Please retype the records below exactly, from the first line down to and including the line with "Hugo Boss Business 1514123".

● **Records for this exercise**
========

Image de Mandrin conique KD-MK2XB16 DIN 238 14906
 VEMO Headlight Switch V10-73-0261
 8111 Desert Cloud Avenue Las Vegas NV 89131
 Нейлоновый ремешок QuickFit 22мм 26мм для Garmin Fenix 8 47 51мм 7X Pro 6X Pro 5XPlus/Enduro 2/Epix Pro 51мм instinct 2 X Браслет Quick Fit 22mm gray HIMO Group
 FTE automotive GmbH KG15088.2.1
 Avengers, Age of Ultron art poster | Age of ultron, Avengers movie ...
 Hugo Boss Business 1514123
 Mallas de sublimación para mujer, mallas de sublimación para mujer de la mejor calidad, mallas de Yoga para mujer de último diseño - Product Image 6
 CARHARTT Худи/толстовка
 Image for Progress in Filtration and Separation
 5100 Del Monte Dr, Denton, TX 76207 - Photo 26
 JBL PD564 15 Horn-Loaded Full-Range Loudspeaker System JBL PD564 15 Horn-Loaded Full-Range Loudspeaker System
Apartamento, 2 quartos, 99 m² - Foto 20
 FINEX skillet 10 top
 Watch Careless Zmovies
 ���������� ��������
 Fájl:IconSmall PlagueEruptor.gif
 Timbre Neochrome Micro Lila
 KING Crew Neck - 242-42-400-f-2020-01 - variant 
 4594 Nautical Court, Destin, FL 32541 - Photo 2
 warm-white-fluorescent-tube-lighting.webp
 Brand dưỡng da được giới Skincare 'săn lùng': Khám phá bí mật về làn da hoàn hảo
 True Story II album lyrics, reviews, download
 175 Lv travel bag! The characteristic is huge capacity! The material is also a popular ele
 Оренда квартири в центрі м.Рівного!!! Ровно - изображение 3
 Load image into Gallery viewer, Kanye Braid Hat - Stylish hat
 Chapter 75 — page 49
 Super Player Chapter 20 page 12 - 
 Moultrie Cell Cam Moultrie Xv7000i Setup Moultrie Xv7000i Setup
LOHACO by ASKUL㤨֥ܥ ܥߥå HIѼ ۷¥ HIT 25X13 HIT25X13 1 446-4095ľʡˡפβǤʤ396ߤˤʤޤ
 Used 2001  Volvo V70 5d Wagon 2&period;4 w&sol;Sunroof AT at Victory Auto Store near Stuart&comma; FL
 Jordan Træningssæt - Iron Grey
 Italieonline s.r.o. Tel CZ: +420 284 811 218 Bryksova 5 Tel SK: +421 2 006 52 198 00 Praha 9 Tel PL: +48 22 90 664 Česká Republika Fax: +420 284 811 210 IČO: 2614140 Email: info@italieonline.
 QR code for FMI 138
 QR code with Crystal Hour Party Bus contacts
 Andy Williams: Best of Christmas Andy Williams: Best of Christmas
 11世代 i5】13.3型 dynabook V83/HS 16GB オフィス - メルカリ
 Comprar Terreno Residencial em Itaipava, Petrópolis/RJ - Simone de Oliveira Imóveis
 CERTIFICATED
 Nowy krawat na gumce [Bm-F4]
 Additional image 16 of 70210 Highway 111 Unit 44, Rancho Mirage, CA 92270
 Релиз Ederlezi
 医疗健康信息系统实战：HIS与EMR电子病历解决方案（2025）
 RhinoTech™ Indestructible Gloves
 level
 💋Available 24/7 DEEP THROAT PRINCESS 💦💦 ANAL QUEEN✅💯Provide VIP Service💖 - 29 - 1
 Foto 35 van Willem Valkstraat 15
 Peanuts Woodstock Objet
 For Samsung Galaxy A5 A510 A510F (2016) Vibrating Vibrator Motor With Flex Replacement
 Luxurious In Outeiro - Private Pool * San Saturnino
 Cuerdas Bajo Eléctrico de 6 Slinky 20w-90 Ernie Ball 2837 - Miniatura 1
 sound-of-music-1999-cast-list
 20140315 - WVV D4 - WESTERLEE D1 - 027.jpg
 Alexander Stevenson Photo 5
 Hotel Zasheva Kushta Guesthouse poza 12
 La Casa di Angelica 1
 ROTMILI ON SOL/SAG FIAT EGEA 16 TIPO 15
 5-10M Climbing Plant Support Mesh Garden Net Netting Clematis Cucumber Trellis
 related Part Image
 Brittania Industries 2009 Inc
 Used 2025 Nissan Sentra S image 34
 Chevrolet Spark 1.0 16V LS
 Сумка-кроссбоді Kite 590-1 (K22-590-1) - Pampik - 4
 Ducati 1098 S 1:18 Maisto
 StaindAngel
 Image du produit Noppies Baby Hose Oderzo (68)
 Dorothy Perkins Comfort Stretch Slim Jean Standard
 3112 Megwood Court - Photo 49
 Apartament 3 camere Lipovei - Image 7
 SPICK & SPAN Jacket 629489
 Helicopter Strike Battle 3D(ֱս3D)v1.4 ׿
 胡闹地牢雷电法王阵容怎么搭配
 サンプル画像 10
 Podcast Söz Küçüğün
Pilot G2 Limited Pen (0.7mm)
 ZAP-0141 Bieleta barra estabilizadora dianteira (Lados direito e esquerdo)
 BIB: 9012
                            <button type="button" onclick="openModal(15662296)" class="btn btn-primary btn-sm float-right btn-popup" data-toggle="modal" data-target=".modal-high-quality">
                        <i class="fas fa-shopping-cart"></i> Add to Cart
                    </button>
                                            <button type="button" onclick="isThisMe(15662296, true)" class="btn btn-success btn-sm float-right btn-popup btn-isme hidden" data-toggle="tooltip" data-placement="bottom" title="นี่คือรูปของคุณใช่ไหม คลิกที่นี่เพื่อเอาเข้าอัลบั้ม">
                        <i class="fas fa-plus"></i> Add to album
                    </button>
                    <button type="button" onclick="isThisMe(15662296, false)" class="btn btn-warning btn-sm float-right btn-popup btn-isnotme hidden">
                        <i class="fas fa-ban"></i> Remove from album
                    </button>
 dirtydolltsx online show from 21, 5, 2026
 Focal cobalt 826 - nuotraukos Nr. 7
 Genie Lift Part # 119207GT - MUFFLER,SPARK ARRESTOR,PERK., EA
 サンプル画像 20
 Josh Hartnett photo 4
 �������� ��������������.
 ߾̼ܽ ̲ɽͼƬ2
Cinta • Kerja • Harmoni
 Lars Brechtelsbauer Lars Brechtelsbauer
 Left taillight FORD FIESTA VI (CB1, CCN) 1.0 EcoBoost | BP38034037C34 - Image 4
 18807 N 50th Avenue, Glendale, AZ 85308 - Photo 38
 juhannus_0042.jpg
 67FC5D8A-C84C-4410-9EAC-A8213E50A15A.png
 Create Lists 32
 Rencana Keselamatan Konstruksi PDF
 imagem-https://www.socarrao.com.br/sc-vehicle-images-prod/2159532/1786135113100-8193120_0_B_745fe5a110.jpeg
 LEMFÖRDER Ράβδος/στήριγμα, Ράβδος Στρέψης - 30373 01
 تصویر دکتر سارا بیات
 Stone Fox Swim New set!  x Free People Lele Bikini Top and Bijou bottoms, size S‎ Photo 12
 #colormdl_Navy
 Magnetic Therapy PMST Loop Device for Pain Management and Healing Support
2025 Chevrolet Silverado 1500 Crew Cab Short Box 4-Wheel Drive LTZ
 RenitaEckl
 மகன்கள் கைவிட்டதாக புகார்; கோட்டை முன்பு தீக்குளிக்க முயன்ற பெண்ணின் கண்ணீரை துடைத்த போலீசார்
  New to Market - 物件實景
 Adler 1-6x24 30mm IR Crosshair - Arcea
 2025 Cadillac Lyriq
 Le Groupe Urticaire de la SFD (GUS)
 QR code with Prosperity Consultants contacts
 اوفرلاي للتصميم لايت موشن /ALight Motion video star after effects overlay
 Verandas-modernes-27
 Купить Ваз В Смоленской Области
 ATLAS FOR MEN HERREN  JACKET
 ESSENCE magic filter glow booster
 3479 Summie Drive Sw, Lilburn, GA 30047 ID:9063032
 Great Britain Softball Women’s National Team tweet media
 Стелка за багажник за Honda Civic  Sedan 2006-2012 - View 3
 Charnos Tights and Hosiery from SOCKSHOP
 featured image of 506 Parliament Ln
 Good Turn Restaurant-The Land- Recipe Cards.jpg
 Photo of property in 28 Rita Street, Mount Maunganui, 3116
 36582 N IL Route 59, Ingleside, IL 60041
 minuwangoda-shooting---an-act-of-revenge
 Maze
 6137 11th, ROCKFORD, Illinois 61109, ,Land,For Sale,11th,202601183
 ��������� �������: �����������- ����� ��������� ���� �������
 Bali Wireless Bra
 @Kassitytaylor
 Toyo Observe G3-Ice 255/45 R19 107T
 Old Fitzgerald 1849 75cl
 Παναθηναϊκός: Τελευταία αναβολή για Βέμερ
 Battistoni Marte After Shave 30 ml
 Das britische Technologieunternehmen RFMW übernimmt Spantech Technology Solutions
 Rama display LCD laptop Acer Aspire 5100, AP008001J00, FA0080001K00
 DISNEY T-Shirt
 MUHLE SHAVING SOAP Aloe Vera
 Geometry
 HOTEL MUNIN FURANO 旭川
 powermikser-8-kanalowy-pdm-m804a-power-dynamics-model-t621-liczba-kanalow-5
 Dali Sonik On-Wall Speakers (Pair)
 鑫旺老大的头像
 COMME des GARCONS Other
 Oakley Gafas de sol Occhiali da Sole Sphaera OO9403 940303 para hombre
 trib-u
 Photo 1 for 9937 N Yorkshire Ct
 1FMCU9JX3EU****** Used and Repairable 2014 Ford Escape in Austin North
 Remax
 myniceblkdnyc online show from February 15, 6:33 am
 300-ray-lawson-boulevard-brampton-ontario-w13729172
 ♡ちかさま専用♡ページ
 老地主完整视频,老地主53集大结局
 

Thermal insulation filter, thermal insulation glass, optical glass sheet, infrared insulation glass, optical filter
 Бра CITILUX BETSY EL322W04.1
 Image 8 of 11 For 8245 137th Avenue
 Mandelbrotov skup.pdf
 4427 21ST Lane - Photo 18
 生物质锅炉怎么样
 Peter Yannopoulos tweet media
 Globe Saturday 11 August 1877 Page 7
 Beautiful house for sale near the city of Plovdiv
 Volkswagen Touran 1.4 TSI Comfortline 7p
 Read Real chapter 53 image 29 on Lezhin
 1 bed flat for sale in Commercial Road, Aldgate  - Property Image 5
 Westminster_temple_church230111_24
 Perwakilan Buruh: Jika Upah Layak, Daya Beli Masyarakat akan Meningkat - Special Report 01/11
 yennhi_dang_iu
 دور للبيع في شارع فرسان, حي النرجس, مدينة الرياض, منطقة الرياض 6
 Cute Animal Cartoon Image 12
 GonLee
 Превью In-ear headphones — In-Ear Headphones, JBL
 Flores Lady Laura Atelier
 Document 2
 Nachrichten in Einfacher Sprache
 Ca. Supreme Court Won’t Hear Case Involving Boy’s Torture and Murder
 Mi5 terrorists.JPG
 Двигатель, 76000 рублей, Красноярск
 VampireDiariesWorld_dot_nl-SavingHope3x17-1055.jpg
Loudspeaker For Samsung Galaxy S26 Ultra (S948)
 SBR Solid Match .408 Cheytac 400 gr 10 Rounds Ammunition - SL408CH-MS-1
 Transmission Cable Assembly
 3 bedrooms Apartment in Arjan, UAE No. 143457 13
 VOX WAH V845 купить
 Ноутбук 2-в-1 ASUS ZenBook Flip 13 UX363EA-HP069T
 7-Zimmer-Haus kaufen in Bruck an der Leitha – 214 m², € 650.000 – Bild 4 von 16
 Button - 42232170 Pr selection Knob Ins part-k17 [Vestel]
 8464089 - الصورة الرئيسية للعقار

========

● **Output of the exercise**
Image de Mandrin conique KD-MK2XB16 DIN 238 14906
 VEMO Headlight Switch V10-73-0261
 8111 Desert Cloud Avenue Las Vegas NV 89131
 Нейлоновый ремешок QuickFit 22мм 26мм для Garmin Fenix 8 47 51мм 7X Pro 6X Pro 5XPlus/Enduro 2/Epix Pro 51мм instinct 2 X Браслет Quick Fit 22mm gray HIMO Group
 FTE automotive GmbH KG15088.2.1
 Avengers, Age of Ultron art poster | Age of ultron, Avengers movie ...
 Hugo Boss Business 1514123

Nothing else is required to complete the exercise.